Profiter de la notoriété d'Andy Warhol
De sa rage naît un pamphlet féministe, radical, porté par sa haine des hommes, le Scum Manifesto, reprenant l'acronyme de sa fantomatique Society for Cutting Up Men, l'Association pour tailler les hommes en pièces (d'autres traduiraient “pour castrer"). Elle écrit aussi une pièce de théâtre, Up Your Ass (Dans ton cul), tout aussi rentre-dedans, brutale. Elle arpente le quartier de Greenwich Village pour les vendre à la criée, sans succès.
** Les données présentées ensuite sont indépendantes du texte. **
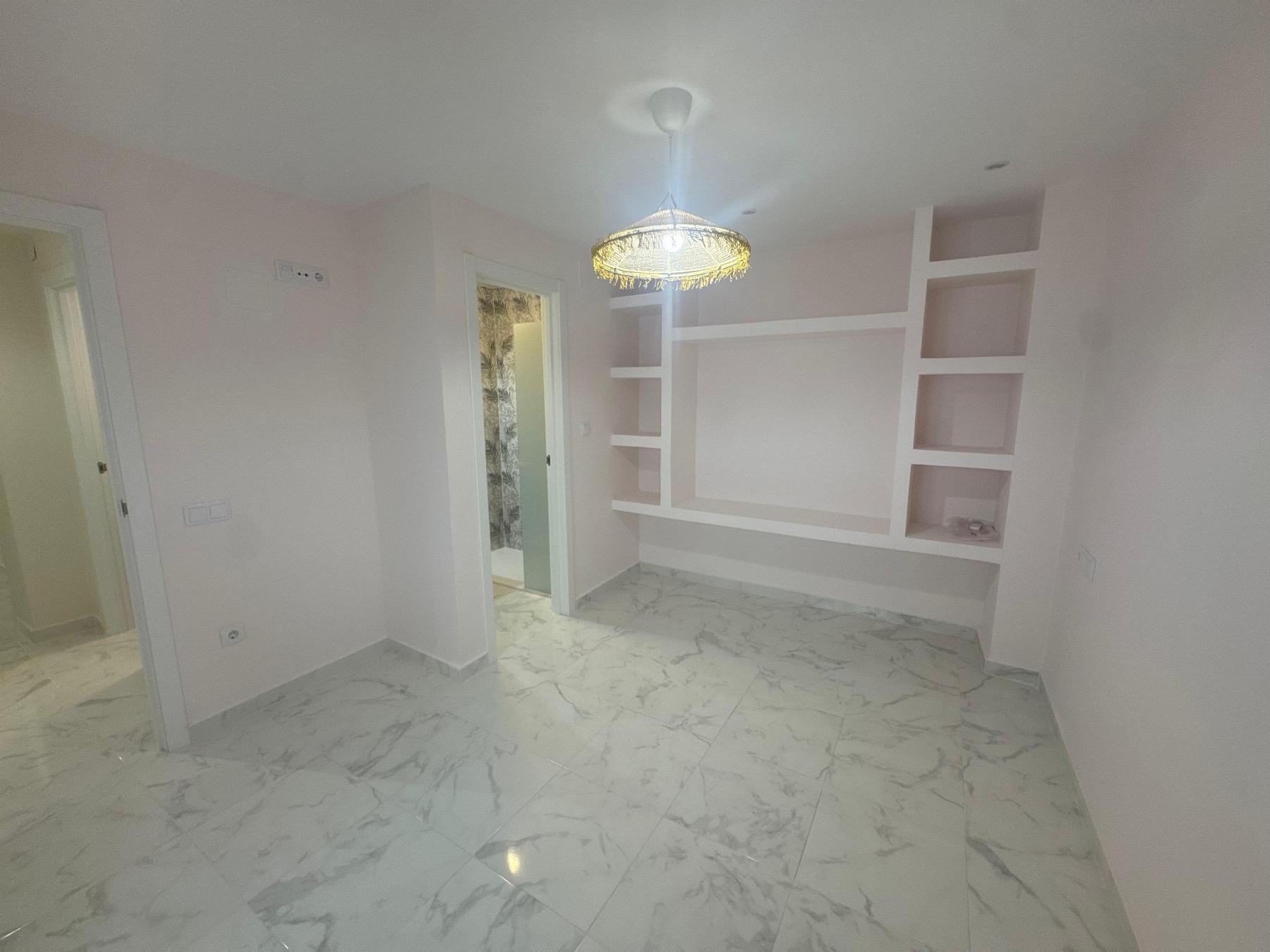 3 Bed, 3 Bath, ApartmentFor Sale, Torrevieja, Alicante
Ovidie montre tous les espoirs que représente la rencontre de Valerie Solanas avec Andy Warhol, star médiatique et chouchou des milieux intellectuels underground : Il est pour elle l'occasion de percer, enfin. Sauf que l'artiste boude sa pièce. Pire, lorsque Solanas lui demande de lui retourner son exemplaire, il répond qu'il l'a perdu, ce qui constitue le premier affront d'une série de déceptions. Après son arrestation, elle l'accuse d'avoir voulu s'accaparer son travail.
Paranoïa ou machination, J’ai tiré sur Andy Warhol. ”Scum Manifesto“ se contente, sans le juger, d'expliquer le geste de Valerie Solanas. En revanche, Ovidie a parfaitement conscience que si la féministe radicale n'avait pas tiré sur Andy Warhol, jamais le Scum Manifesto n'aurait été édité, les écrits de Solanas seraient morts avec elle, sans postérité. Cinquante-six ans après, ses textes qui, plus qu'une soif de vengeance, transpirent une rage viscérale, brute, saccadée, affutée par des années de violence, de mépris et d'indifférence, sont repris au théâtre et inspire des autrices, Virginie Descentes en tête.